C’est un Paris perdu, entre les éboueurs, entre les élus, dont le symbole devient plus évident de jour en jour, grotesque, pataphysique : cette ville n’est plus une ville mais une immense décharge. C’est Paris jaune, c’est Paris vert, qui à peine sorti de l’hiver se prépare à un printemps d’hiver, c’est Paris qui pue, qui empeste, qui exhale des odeurs d’égouts, de sang séché, de crevettes et de lards macérés dans leur jus toxique, c’est du pus, des miasmes et des exhalaisons pestilentielles, qui se contaminent de vermine dégoulinante aux senteurs putrides, de viandes faisandées, de légumes calcinés, de coquilles d’œuf, de fins de repas, tout ce qui se jette sur les trottoirs noirs et infâmes à côté des crottes de chien laissées là par les Parisiens, pourquoi ramasser puisque l’on ne peut pas jeter, pourquoi ne pas tout simplement faire tous ses besoins dehors puisque dehors c’est un bouge, un taudis, une souillure, un cimetière de déchets.
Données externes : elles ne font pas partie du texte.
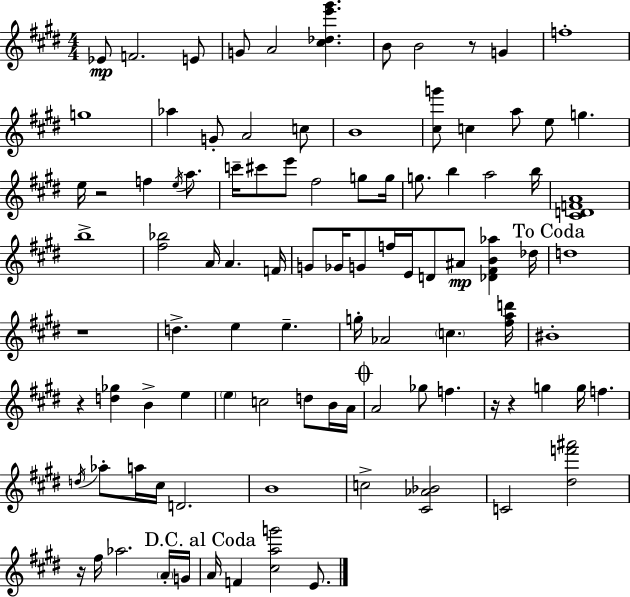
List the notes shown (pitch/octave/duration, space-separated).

Eb4/e F4/h. E4/e G4/e A4/h [C#5,Db5,E6,G#6]/q. B4/e B4/h R/e G4/q F5/w G5/w Ab5/q G4/e A4/h C5/e B4/w [C#5,G6]/e C5/q A5/e E5/e G5/q. E5/s R/h F5/q E5/s A5/e. C6/s C#6/e E6/e F#5/h G5/e G5/s G5/e. B5/q A5/h B5/s [C#4,D4,F4,A4]/w B5/w [F#5,Bb5]/h A4/s A4/q. F4/s G4/e Gb4/s G4/e F5/s E4/s D4/e A#4/e [Db4,F#4,B4,Ab5]/q Db5/s D5/w R/w D5/q. E5/q E5/q. G5/s Ab4/h C5/q. [F#5,A5,D6]/s BIS4/w R/q [D5,Gb5]/q B4/q E5/q E5/q C5/h D5/e B4/s A4/s A4/h Gb5/e F5/q. R/s R/q G5/q G5/s F5/q. D5/s Ab5/e A5/s C#5/s D4/h. B4/w C5/h [C#4,Ab4,Bb4]/h C4/h [D#5,F6,A#6]/h R/s F#5/s Ab5/h. A4/s G4/s A4/s F4/q [C#5,A5,G6]/h E4/e.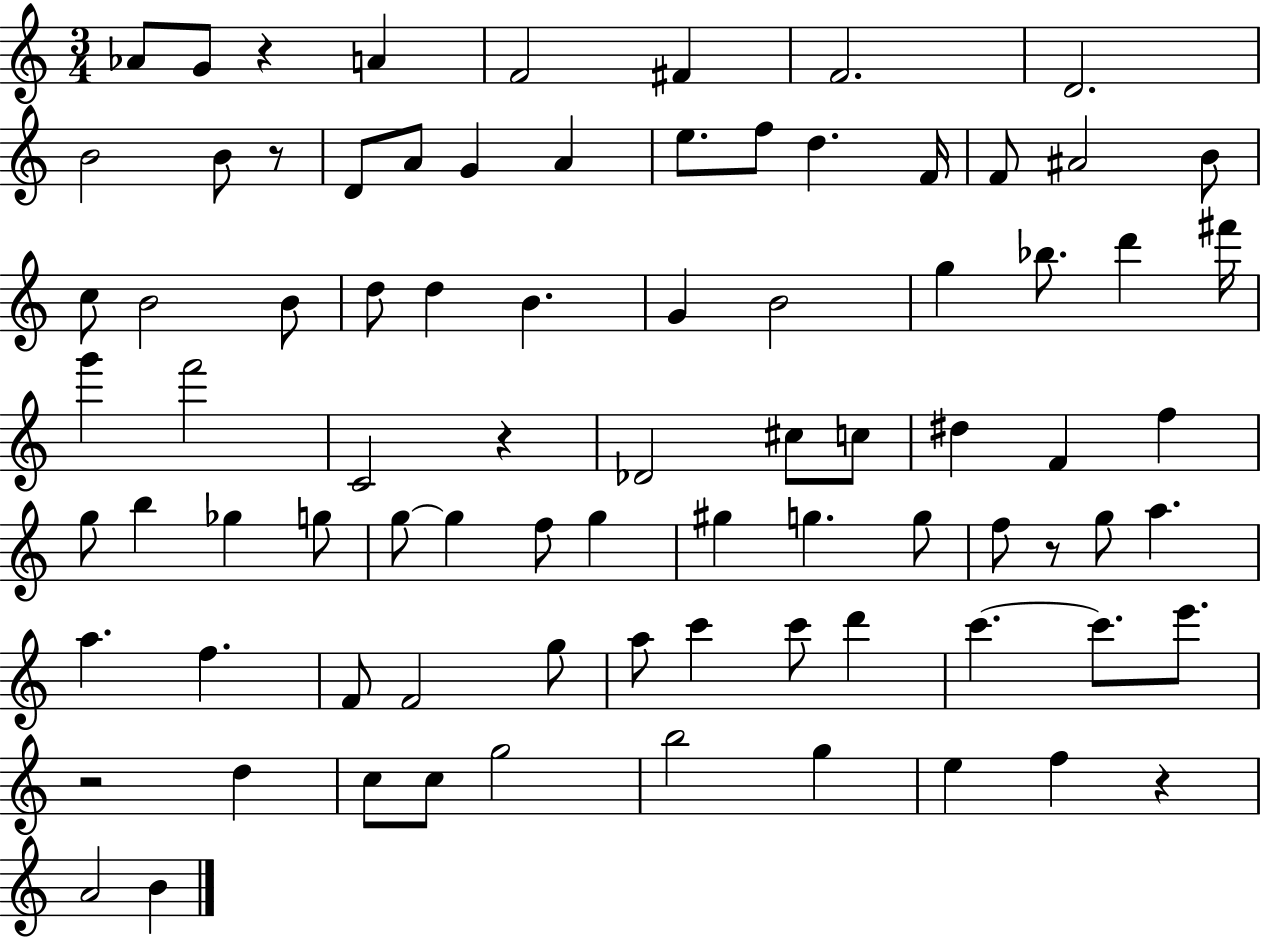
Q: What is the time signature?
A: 3/4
Et la nuit lorsque les gens dorment après avoir débarrassé encore un sac, encore un carton, encore une tonne, les poubelles s’animent soudain, elles se réveillent, elles frissonnent, elles s’échappent, elles s’écharpent, elles se déchirent, elles s’entrouvrent et se déroulent, se dévoilent en mille nuances de gris, de fourrures et de petites dents qui grignotent, de petites pattes qui gigotent, de petits corps qui se remplissent et s’engraissent, pour faire la fête et les emplettes, il y a tant de provisions qu’ils s’en donnent à cœur joie, il y a de quoi manger et boire jusqu’à plus soif, entre les repas des semaines passées, les fruits pourris, les arêtes de poissons et les viandes en sauce, les tas et les tas de mets périmés, les fonds de bouteille pour arroser cette fête des voisins où les habitants du quartier, du grand quartier des égouts, des bas-fonds et des souterrains, viennent partager ce festin offert par la ville, la Maire, et le gouvernement : chacun a apporté sa contribution, et déposé devant sa porte ce qu’il a acheté, cuisiné et préparé, pour se l’offrir entre hommes et animaux, le lien est rétabli, la paix sociale s’est faite, avec nos amis les rats, les souris, les cafards et les scarabées, les mouches et les araignées.

C’est le Paris d’en dessous qui revient vers le haut, tout décidé à vivre ensemble, uni pour le meilleur et pour le pire, dans cette décharge géante, dans cette ville infernale, démoniaque, orgiaque, née de notre gouvernance, notre affolante incompétence, notre insignifiance, c’est Paris qui pourrit.